Esta semana nos hemos desayunado con el espantoso caso del Monstruo de Amstetten y hace dos años con el de Natascha Kampusch y su secuestro durante ocho años. En menos de media década la nación alpina ha entregado macabrerías a la prensa como la madre que parió y asesinó a cuatros hijos y luego los escondió en el refrigerador comunitario del edificio donde vivía y nadie, ningún vecino ni conocido, alertó a la policía de que a esta mujer se le esfumaban los hijos al parirlos. O el caso de la jueza que encerró a sus tres hijas durante años en un sótano y las niñas, viviendo entre ratas, desarrollaron su propio lenguaje.
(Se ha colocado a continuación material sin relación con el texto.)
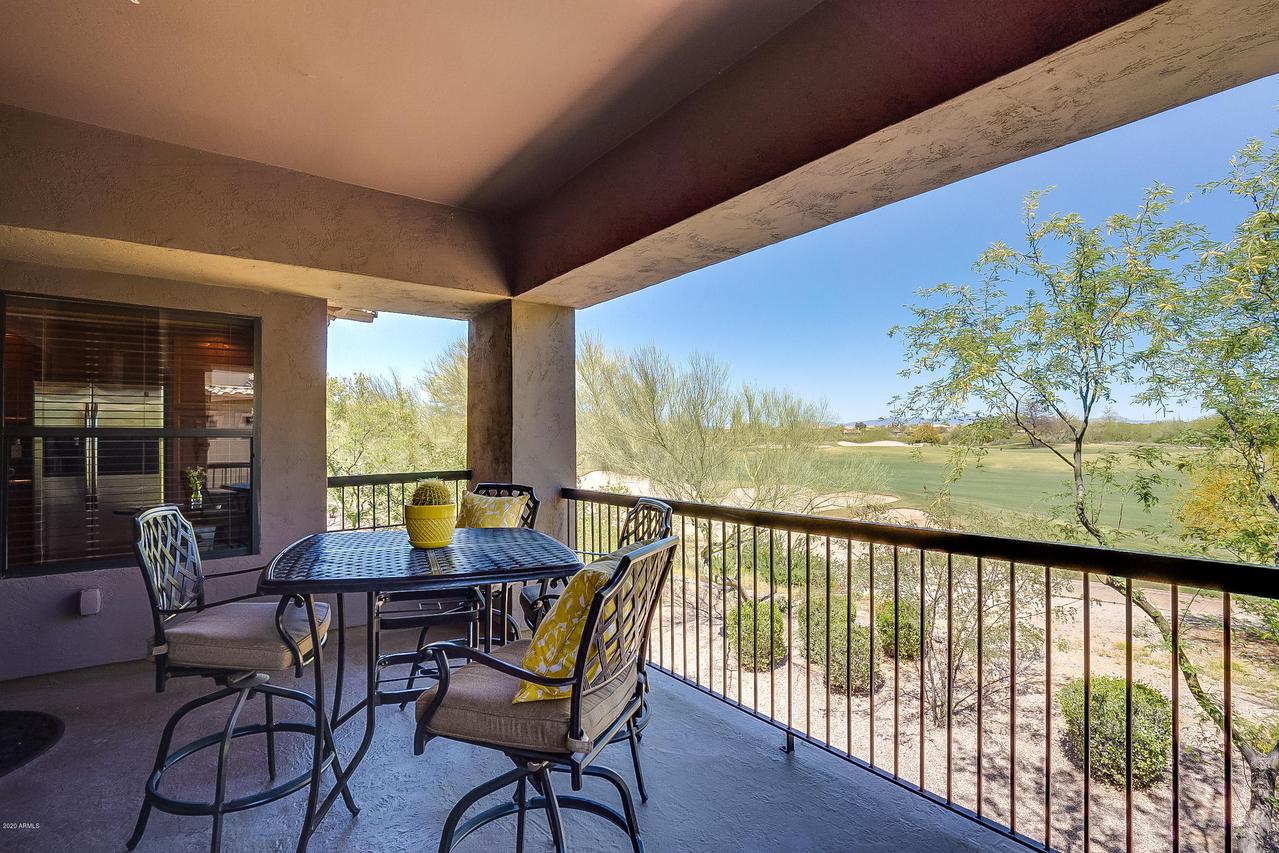 21320 N 56th St. #2050, Phoenix, AZ 85054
No podemos afirmar por lo anterior que es un país de pervertidos, aficionados a torturar al prójimo pero desgraciadamente hacen noticia por eso. Los intelectuales de Austria han dejado sendas huellas explorando precisamente ese oscurantismo, tan humano y a ratos austríaco.
En el diván
Uno de los pioneros en explorar la mente humana y sus perversiones fue nada menos que un austríaco, Sigmund Freud, padre del psicoanálisis, revolucionario de la psicología contemporánea. Quizás si los vieneses no hubiesen sido neuróticos dignos de análisis Woody Allen nunca hubiese podido tirarse 15 años en un diván a delirar guiones. Pero curiosamente los austríacos no hablan de Freud. En el 150 aniversario de su nacimiento, sólo una exposición en su casa-museo se celebró en Viena.
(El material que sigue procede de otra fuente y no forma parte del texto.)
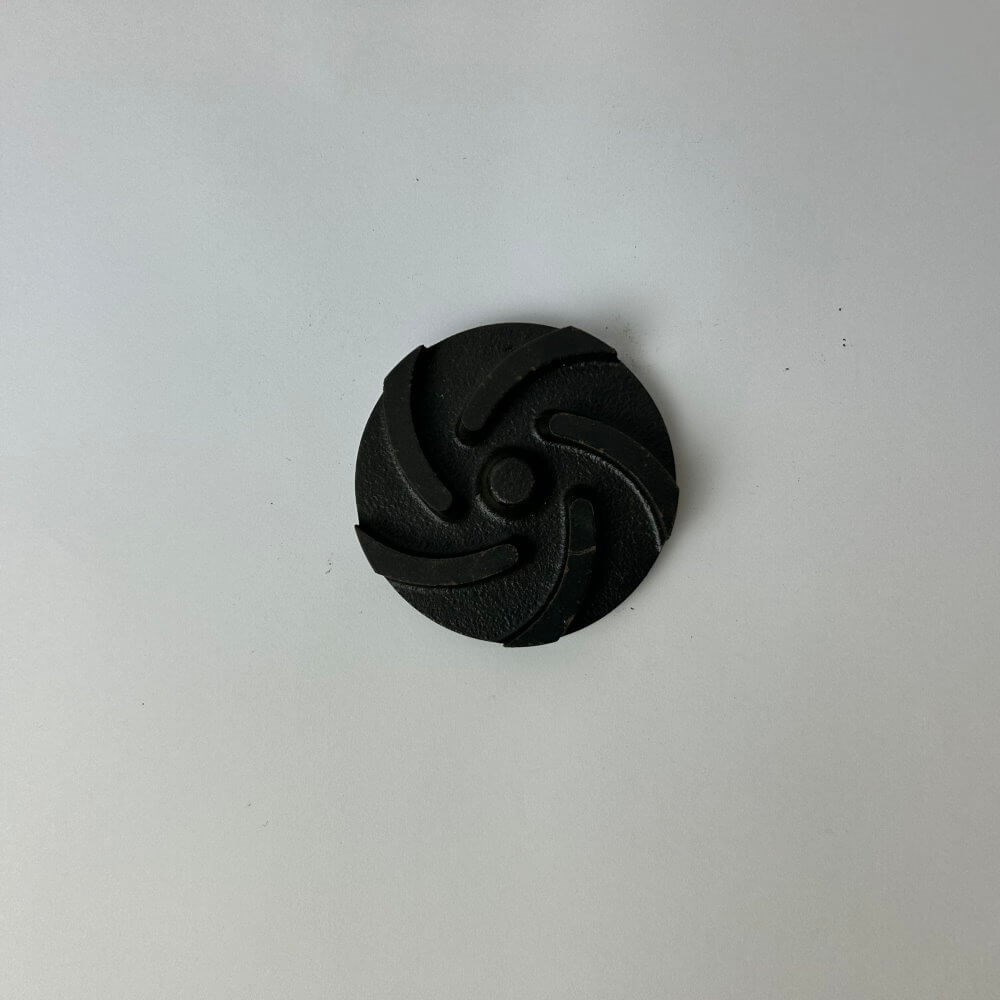 BIA WP10 18 IMPELLER BIA-WP10-18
No le reconocen el mérito y se quedan sólo en lo obsoletas de sus teorías basadas en la represión emocional y sexual. El desdén hacia Freud es tan grande que en la facultad de Psicología de la Universidad de Viena no hay cátedra de Psicoanálisis. Ya lo dijo otro austríaco universal, el escritor Thomas Bernhard que en 1982 publicara El sobrino de Wittgenstein, un relato atravesado por la crítica a su país:»Los vieneses, esa es la verdad, ni siquiera han reconocido hoy a Sigmung Freud, en efecto, ni siquiera han tomado nota de él, ésa es la verdad, porque para eso son demasiado pérfidos».
La premio Nobel
Escudriñar en las represiones y peor aún, meterse en sus sueños y pretender interpretarlos a punta de verdades y traumas es algo que se paga caro. Si no pregúntenselo al único premio Nobel de Literatura que tiene el país, Elfriede Jelinek. «La existencia en Austria es una realidad quebrada que se basa en una mentira», ha dicho una de las voces más críticas de su cultura actual. Alega que le temen a la verdad y que ella, de origen judío, nunca perdonará a Austria el asesinato de sus parientes.
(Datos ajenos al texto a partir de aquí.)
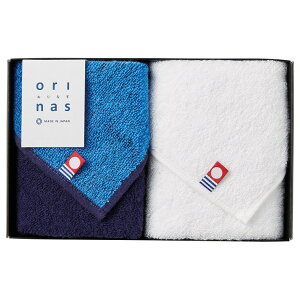  ^InJ` 2P IR20100yam Y ^InJ` ~j^I { ~jnJ` ^I nJ` o[Vu zCg Mtg A ]  jzA5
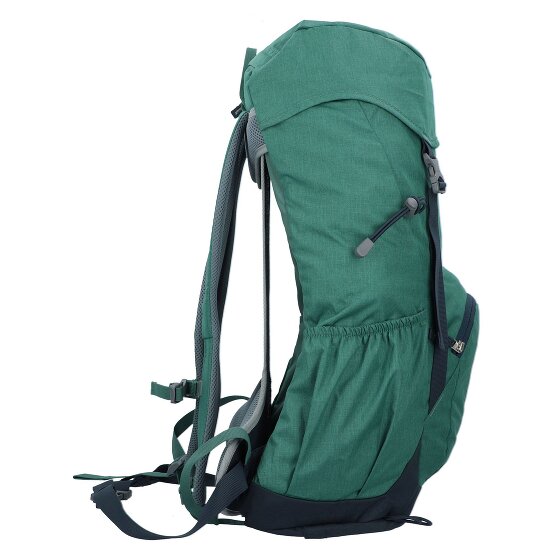 Deuter Zugspitze 22 SL backpack 52 cm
Durante el gobierno de coalición con el partido del ultraderechista Haider, a principio de los noventa, Viena se empapeló de carteles que decían «¿Ama usted a Jelinek o prefiere el arte y la cultura?». Jelinek pertenece al grupo de intelectuales que han escrito acerca de la Austria nazi y se han ganado el apodo entre sus compatriotas de nestbeschmutzer («los que ensucian el propio nido»).
Y como no podía ser menos, Jelinek tiene fobia social y pánico al público. Es por eso que su discurso para recibir el premio Nobel lo hizo a través de una grabación.
En el cine
También austríaco es el director Michael Haneke, cuyo cine no es recomendable ni para el ánimo ni para los dientes. Es imposible ver una de sus películas sin que la mandíbula vaya de castañuela. El cineasta austríaco ha hecho de la asfixia existencial, la pulcritud centro europea y la aparente normalidad de la burguesía alpina un género de terror sin serlo.
Funny games, recientemente versionada por él mismo en Estados Unidos, es básicamente una masacre en la que ningún vecino se entera, no se muestra violencia y los psicópatas a ratos hablan con la cámara, sabiendo que se los mira.
Y por último, al austriaco Billy Wilder, uno de los más grandes cineastas de la historia del cine, se le atribuye la siguiente frase: «Los austríacos son unos genios. Han conseguido convencer al mundo que Hitler es alemán y Beethoven austríaco».